Reflexionó durante un momento. Cuando llegó a una conclusión, dijo:

—Voy a acceder. Pero recuerda lo que prometí. Si fallas, tú y tu familia sufriréis las consecuencias. Es la última vez que te lo digo: el tiempo corre.

Me libré de responder gracias al leve sonido de unos pasos que, acompañados por un bastón, se aproximaban. En lo alto del sendero apareció un joven. Era la viva imagen de Ajnatón, tanto en lo que se refería a su carismático y anguloso rostro, como al delgado cuerpo y al exquisito bastón que llevaba bajo el brazo. Posó su mirada en mí. Sentí un ligero escalofrío. Parecía un alma vieja encerrada en el cuerpo retorcido de un niño.

Ajnatón asintió fríamente en dirección al niño, que nos miró y después dio media vuelta para alejarse con movimientos confiados y elegantes que implicaban o bien poco tiempo de vida o bien todo el tiempo del mundo. Escuché la cadencia del crujido de sus pasos a medida que se alejaba y el eco de los mismos al entrar en la primera sala. Ajnatón no hizo comentario alguno sobre aquella extraña aparición.
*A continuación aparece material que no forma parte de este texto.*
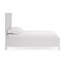 Grace Elephant Grey Double (4'6) Standard Bed-2039690755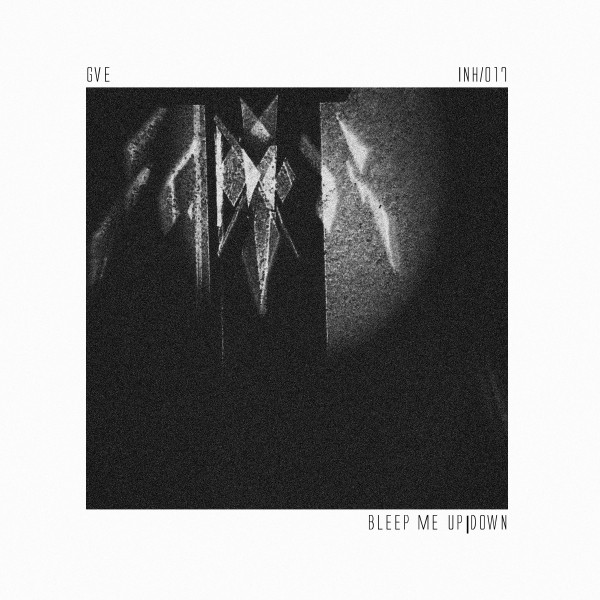 Bleep me Up|Down cover art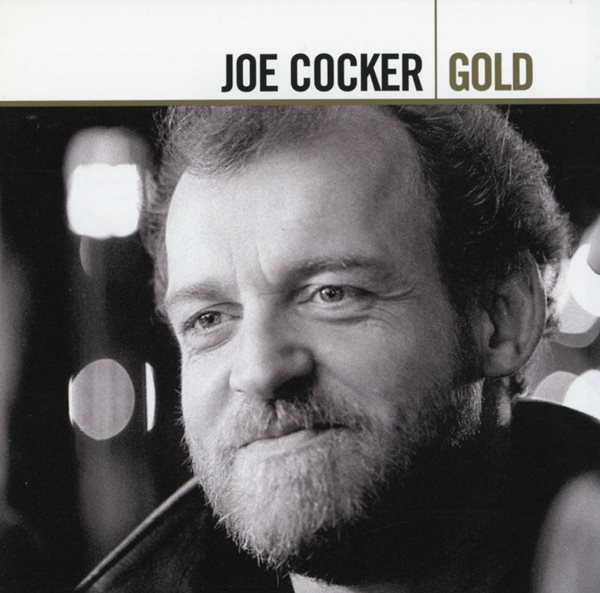 조 카커 - Joe Cocker - Gold 2Cds [캐나다발매]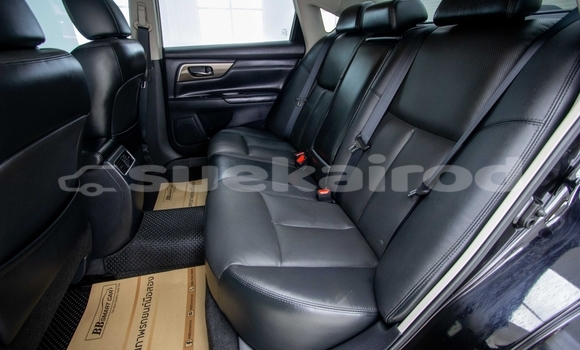 ซื้อ รถมือสอง Nissan Teana สีดำ รถยนต์ ใน %{เมือง} ใน สมุทรสาคร ซื้อ รถมือสอง Nissan Teana สีดำ รถยนต์ ใน %{เมือง} ใน สมุทรสาคร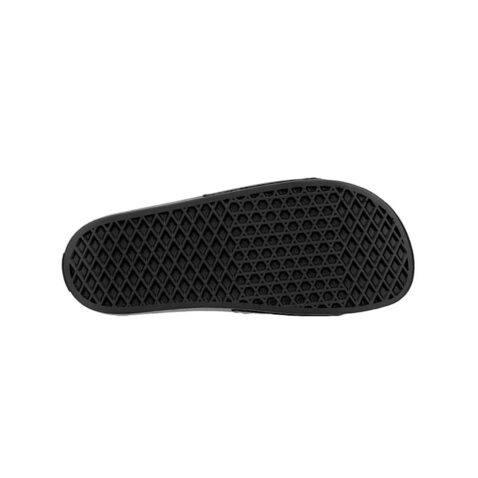 Vans Slide-On Shoe Black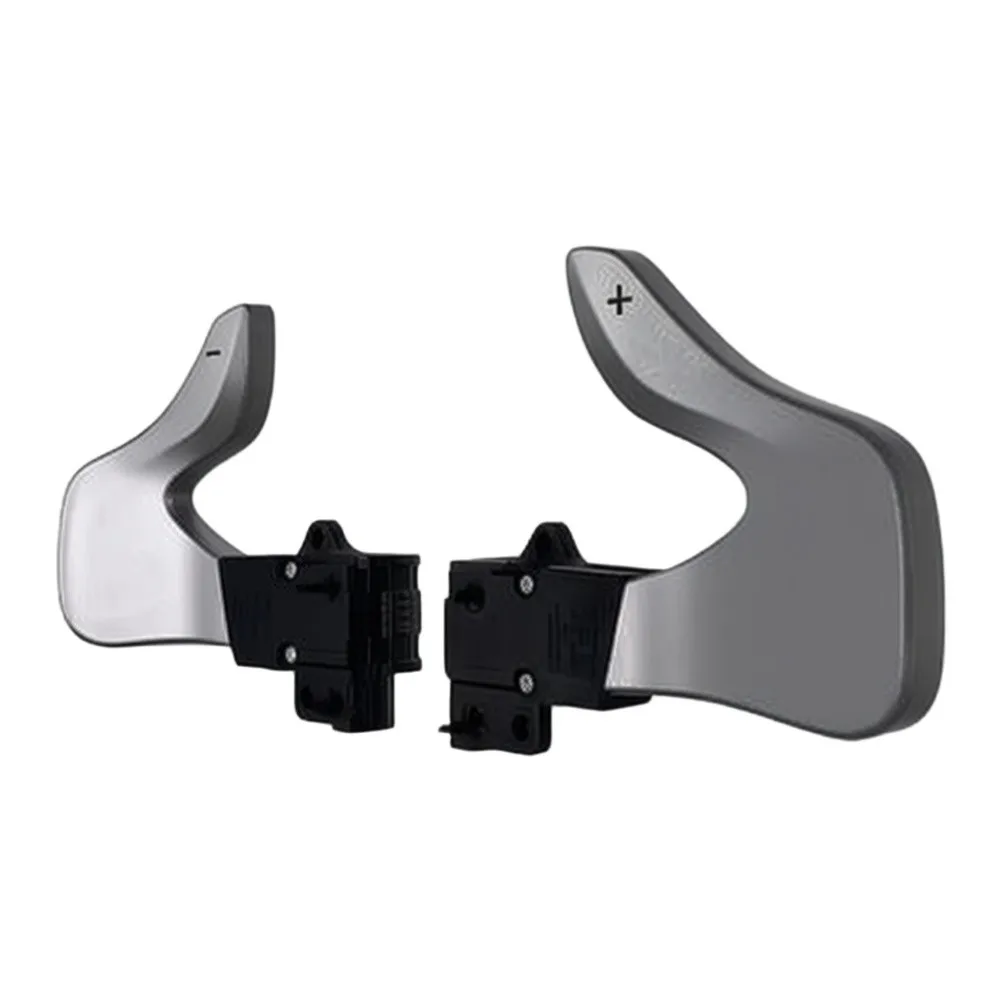 Auto Transmission Paddle Shift Paddle Extension For Daily Driving Enhance Vehicle Handling Shift Paddle Direct Replacement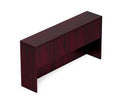 Offices To Go Mueble Superior de 71" con Puertas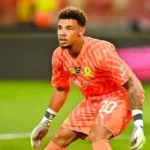 Ronwen Williams Heroics Propel South Africa to AFCON Semi-finals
—Te daré los permisos —reiteró—. Verás a la reina madre y a mis hijas esta tarde. Y voy a hacerte una sugerencia. —Esperé—. He logrado muchas alianzas y muchas amistades, pero inevitablemente también tengo muchos enemigos. Puedes imaginar de quiénes se trata. Sacerdotes desafectos de los cultos superfluos. Las viejas familias de Karnak. Nobles de Tebas cuyas corruptas fortunas están ahora destinadas a la grandiosa visión que esta ciudad representa. Y si yo tengo todos estos enemigos, imagina cuántos deben de odiar a la reina. Un hombre poderoso que rige el destino del mundo es una cosa; una mujer poderosa es otra. Y ahora tengo que ponerme en marcha. Me gustaría acudir a la presentación de Meryra en el Gran Templo. Para ver hasta qué punto hemos avanzado hacia la verdad. Él es el más fiel de los sirvientes y el único sacerdote, aparte de nosotros, al que se le ha concedido el honor de interceder entre el mundo y el dios. Todos seremos testigos de ese honor.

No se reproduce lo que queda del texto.